[[ Input data open ]]
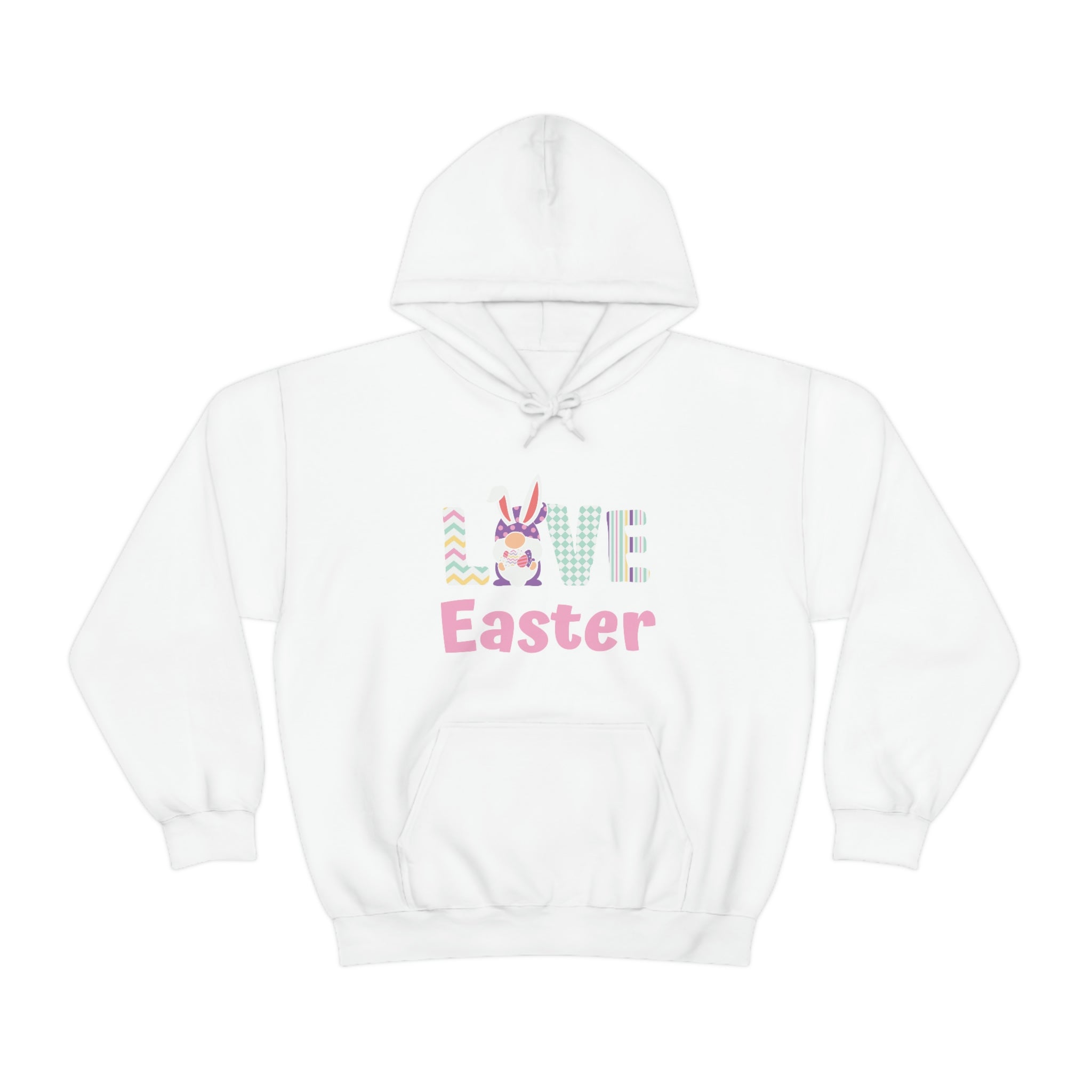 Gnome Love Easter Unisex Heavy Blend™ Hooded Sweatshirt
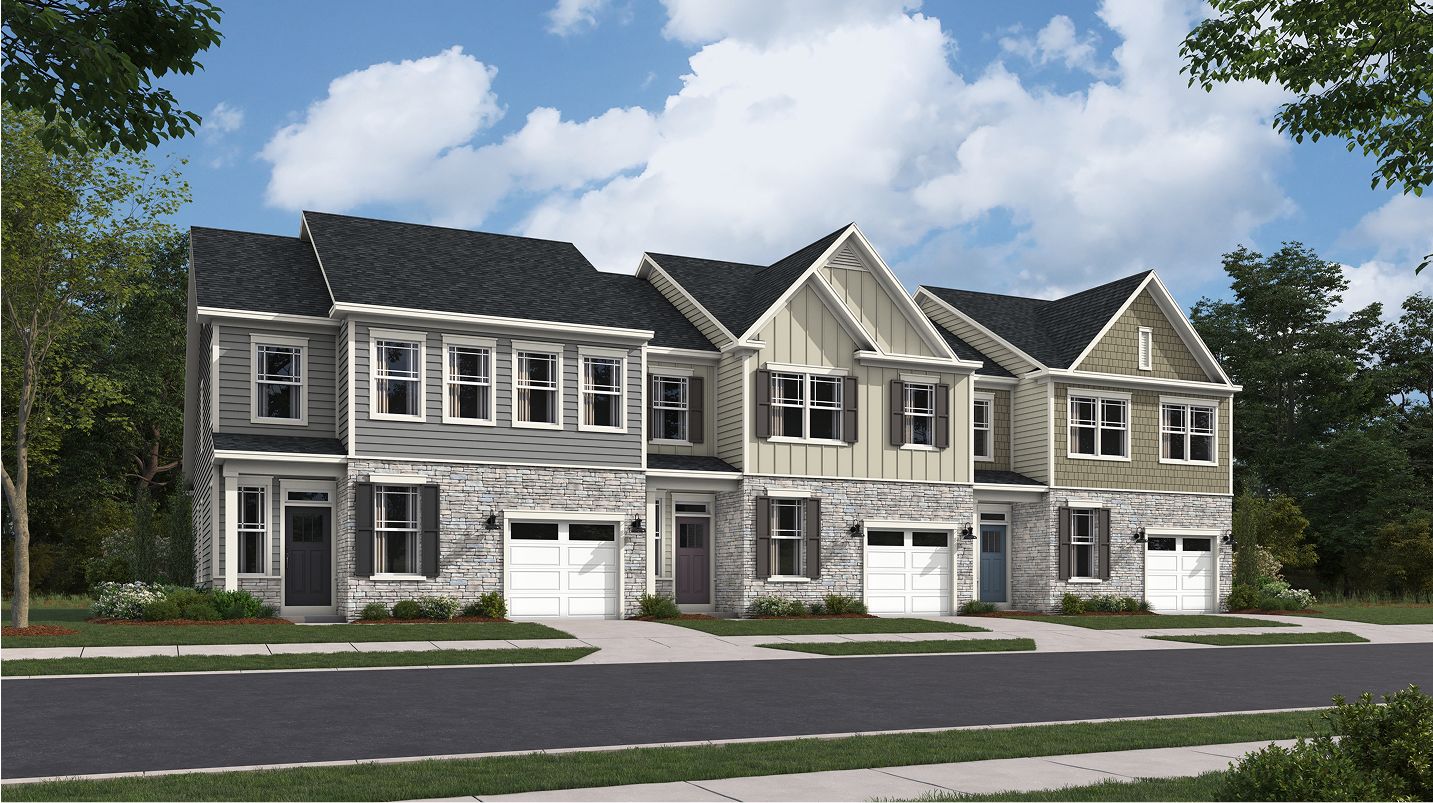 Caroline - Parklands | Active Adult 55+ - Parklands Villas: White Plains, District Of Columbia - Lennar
[[ Input data closed ]]
[[ Input data open ]]
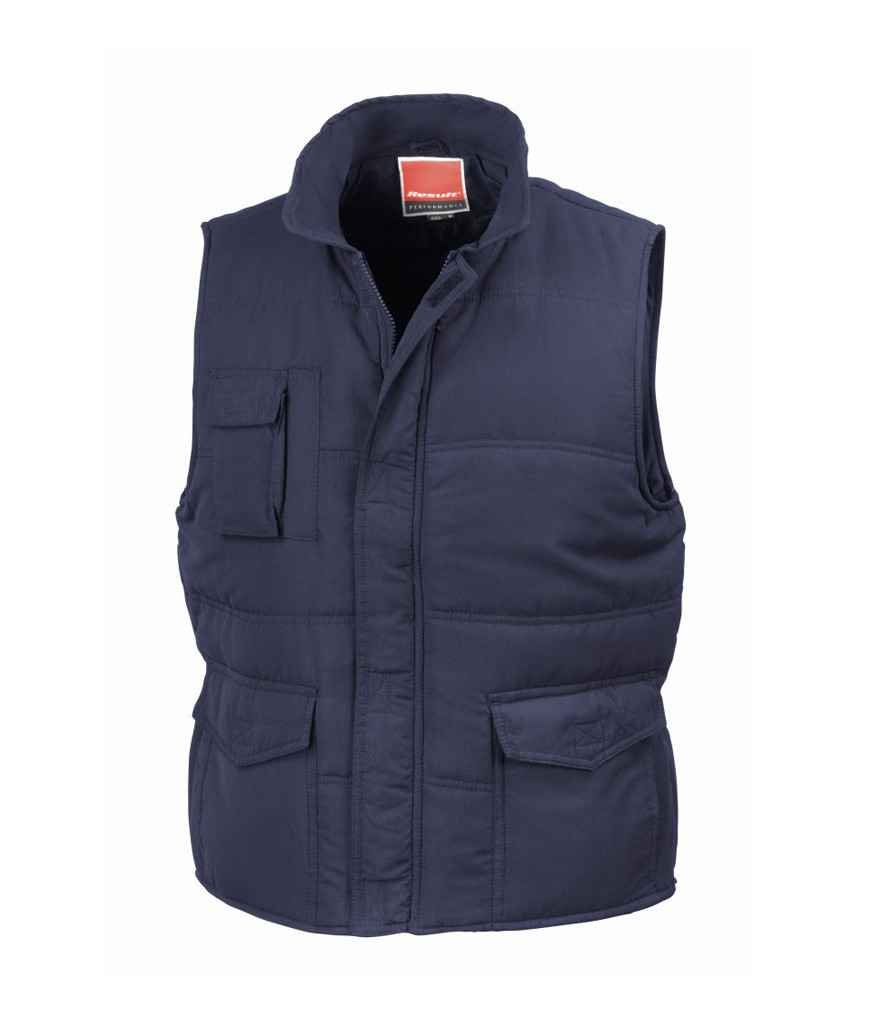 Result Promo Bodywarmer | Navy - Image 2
[[ Input data closed ]]
[[ Input data open ]]
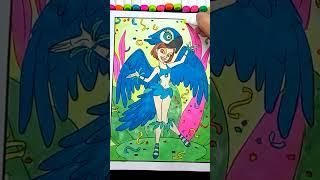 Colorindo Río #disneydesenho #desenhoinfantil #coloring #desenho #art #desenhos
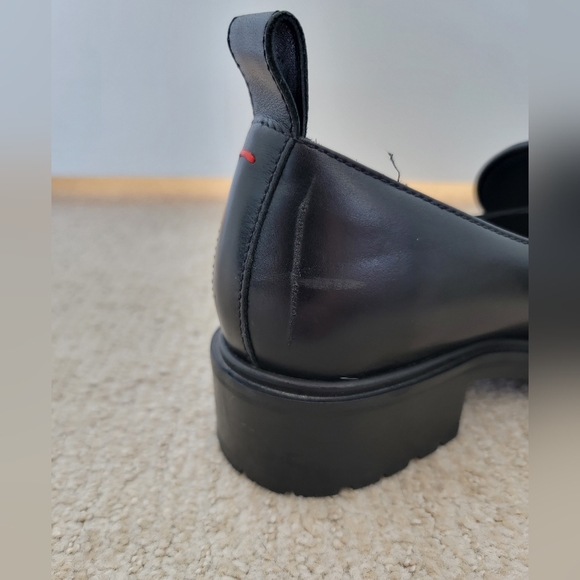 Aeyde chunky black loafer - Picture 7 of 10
[[ Input data closed ]]
Activity. Going by the data above, the answer is exactly the lines from the one holding "Gnome Love Easter" to the one holding "Caroline - Parklands", both kept, with the pictures left out.

Output for this task.
 Gnome Love Easter Unisex Heavy Blend™ Hooded Sweatshirt
 Caroline - Parklands | Active Adult 55+ - Parklands Villas: White Plains, District Of Columbia - Lennar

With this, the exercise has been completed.